DATA SUPPLIED:
________________
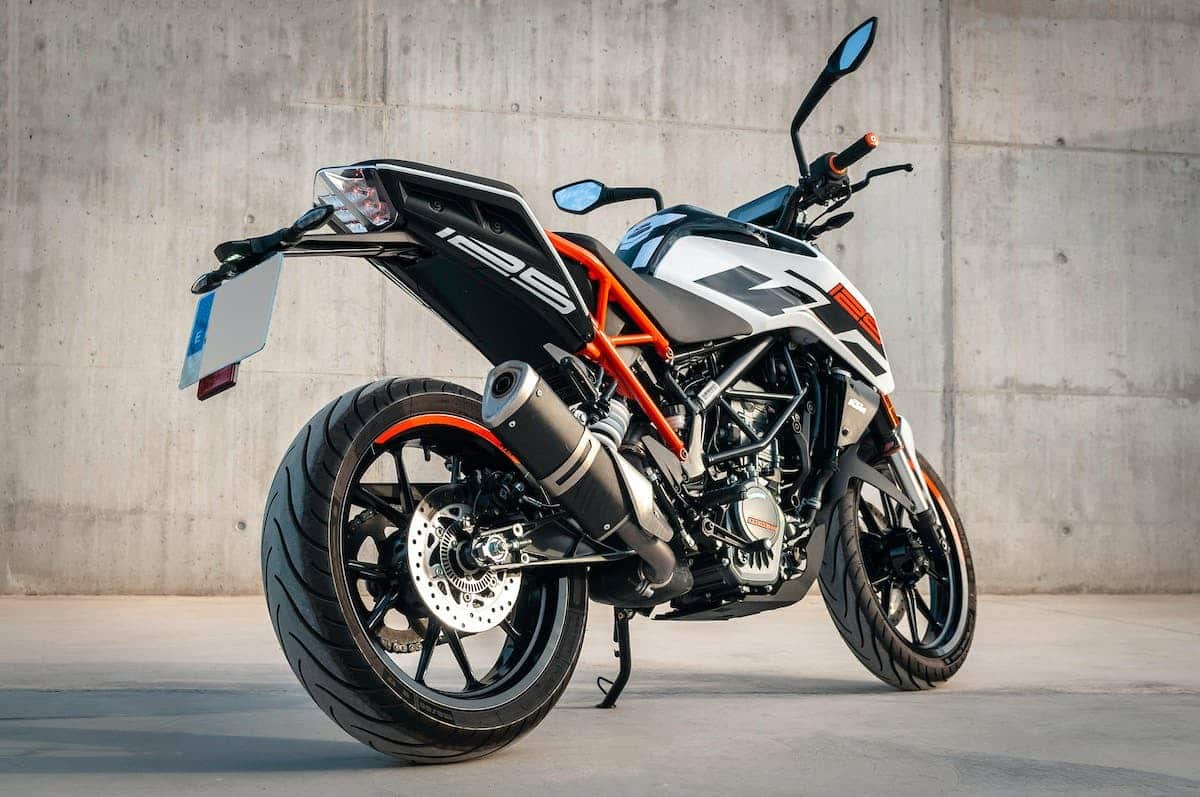 moto  choix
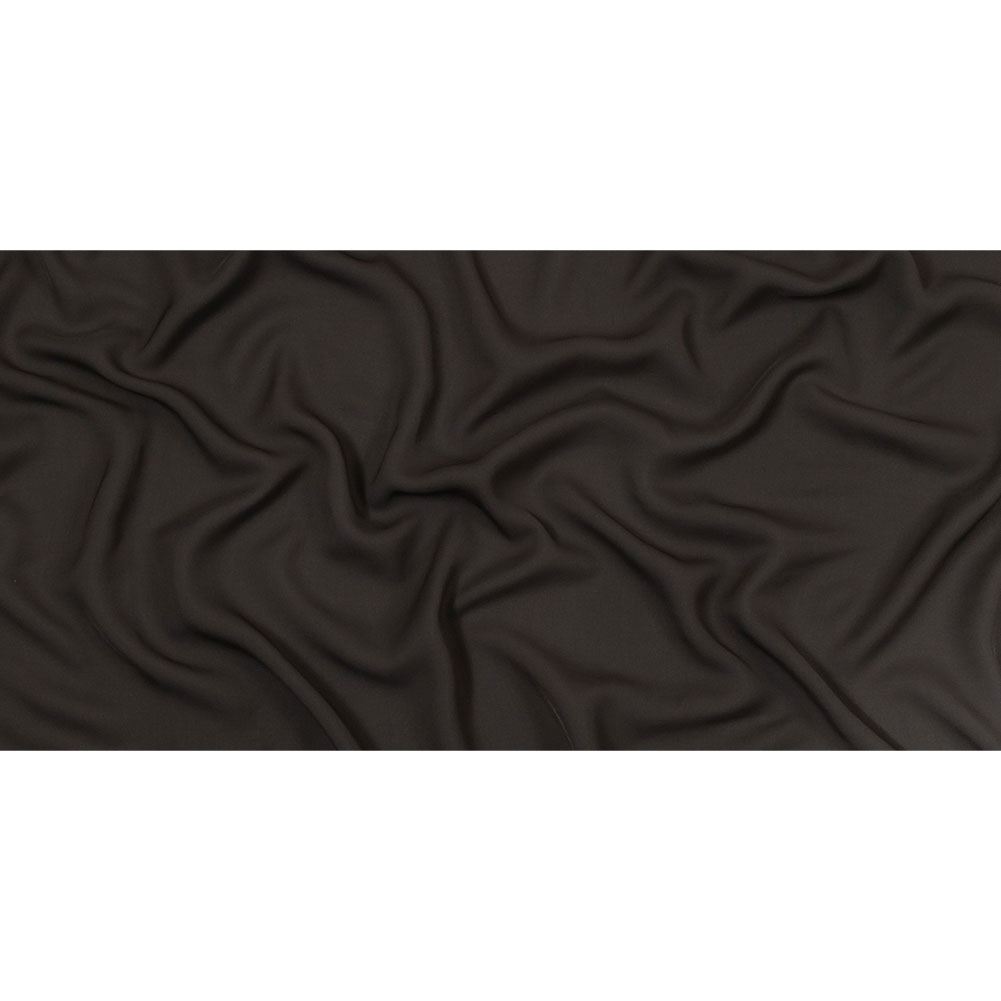 The Row Graphite Fluid Polyester Twill Full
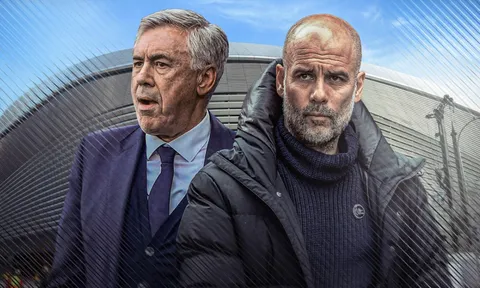Vượt mặt Real Madrid, Man City chốt chiêu mộ 'thiên tài' Argentina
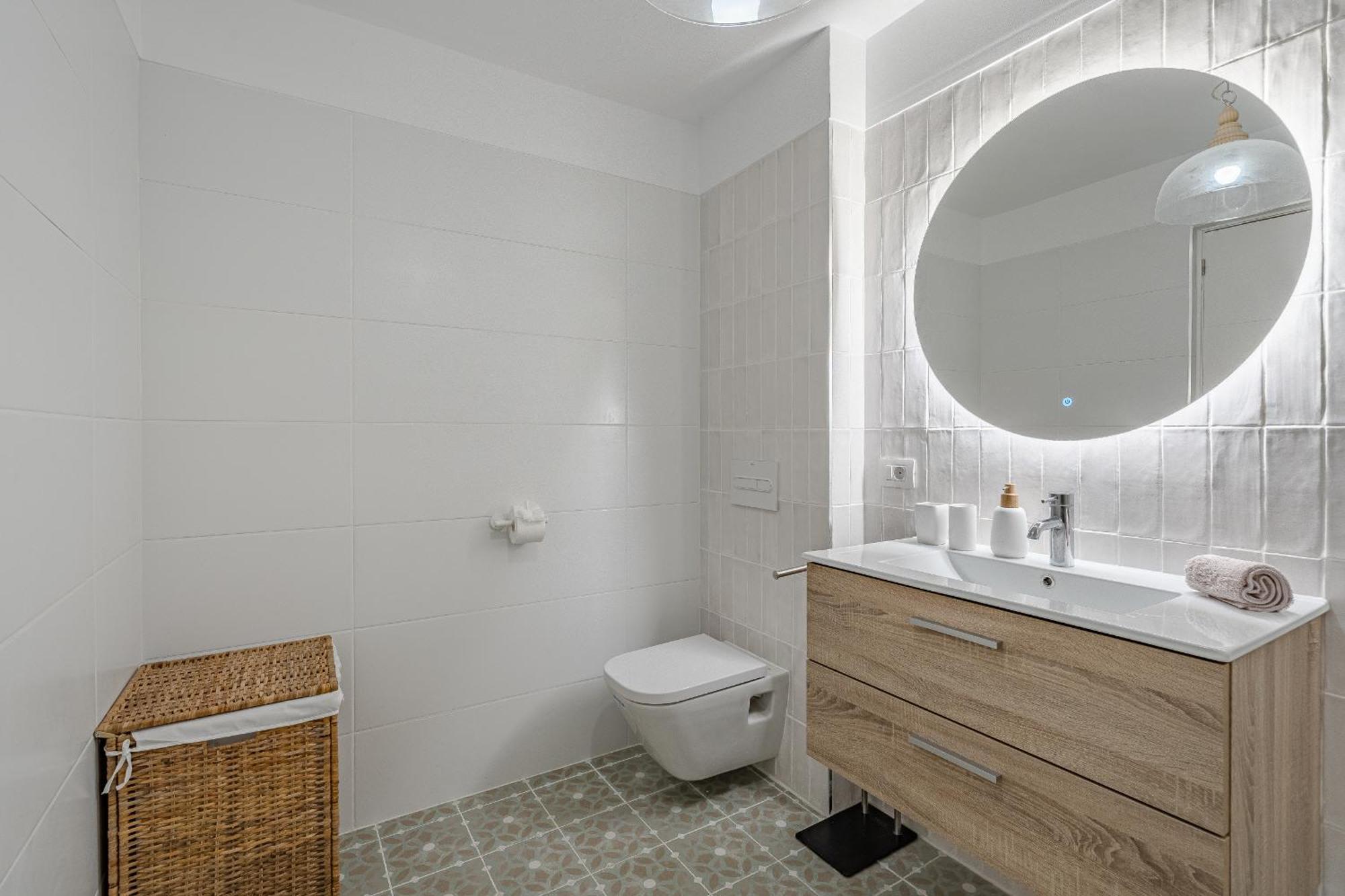 Sea La Vie Apartment - Adults Only Santiago del Teide Buitenkant foto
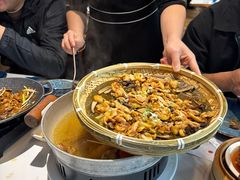 -云山茶餐厅(广东大厦店)
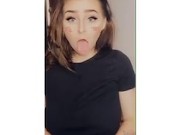 Ahegao compilation  - Screenshot 12 of 16 - Hot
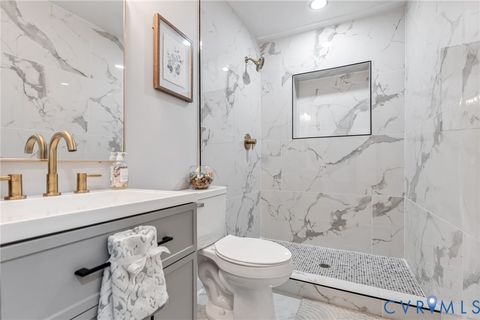Tiny photo for 350 Spring Street, Petersburg, VA 23803 (MLS # 2614325)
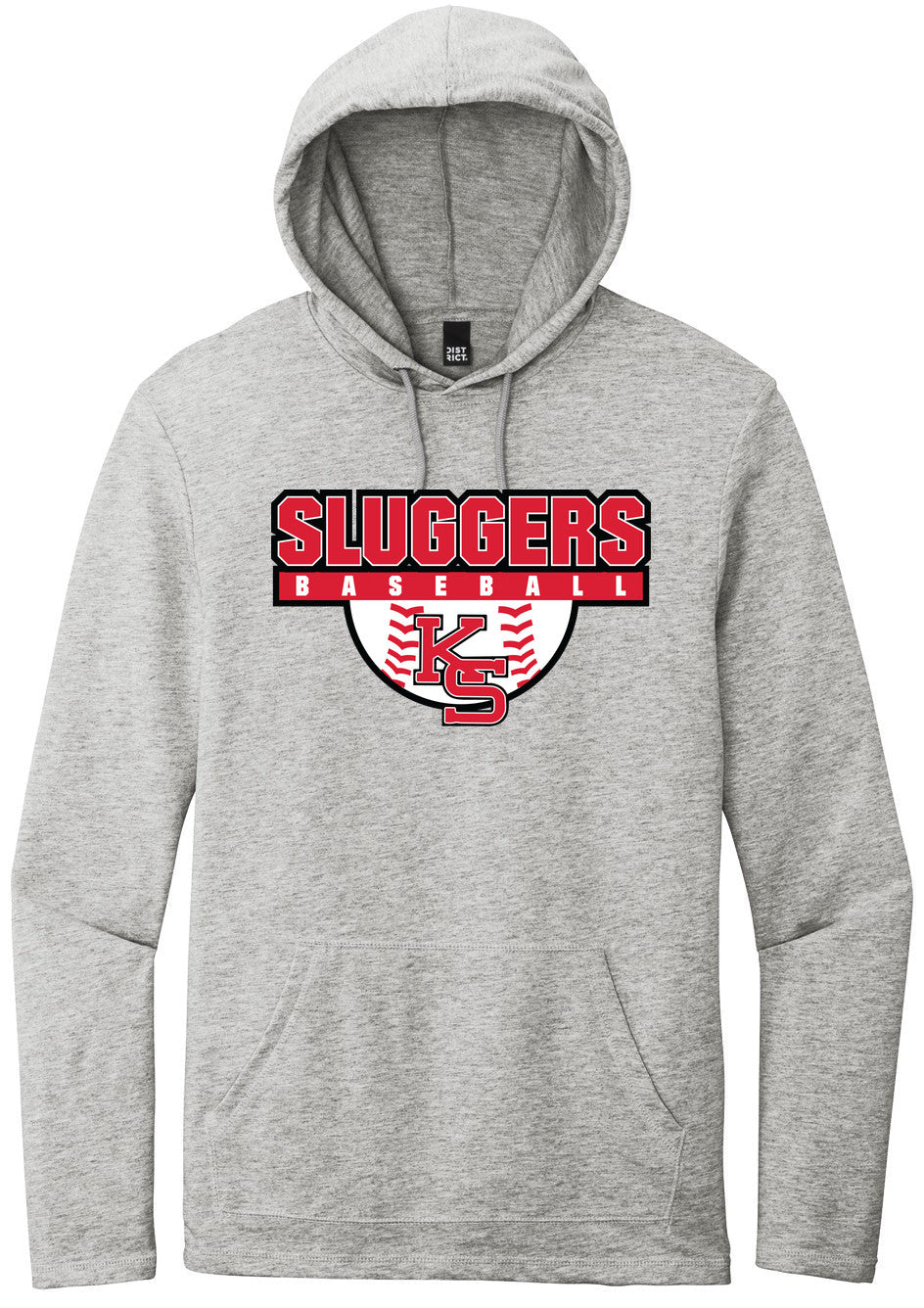 Featherweight French Terry Hoodie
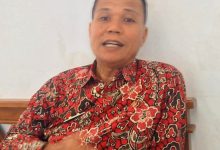 Kepala Dispendukcapil Pacitan, Tri Mudjiharto (doc).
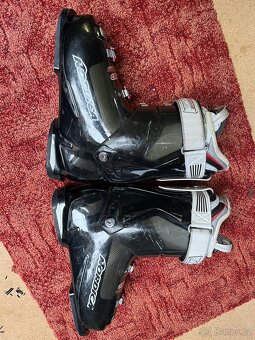 Lyžáky Nordica Speedmachine 110 vel. 41 - 5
________________
INSTRUCTIONS FOR THE TASK:
The result should be the listing above, restated exactly, with no pictures in it.

SOLUTION FOR THIS PROBLEM:
 moto  choix
 The Row Graphite Fluid Polyester Twill Full
Vượt mặt Real Madrid, Man City chốt chiêu mộ 'thiên tài' Argentina
 Sea La Vie Apartment - Adults Only Santiago del Teide Buitenkant foto
 -云山茶餐厅(广东大厦店)
 Ahegao compilation  - Screenshot 12 of 16 - Hot
Tiny photo for 350 Spring Street, Petersburg, VA 23803 (MLS # 2614325)
 Featherweight French Terry Hoodie
 Kepala Dispendukcapil Pacitan, Tri Mudjiharto (doc).
 Lyžáky Nordica Speedmachine 110 vel. 41 - 5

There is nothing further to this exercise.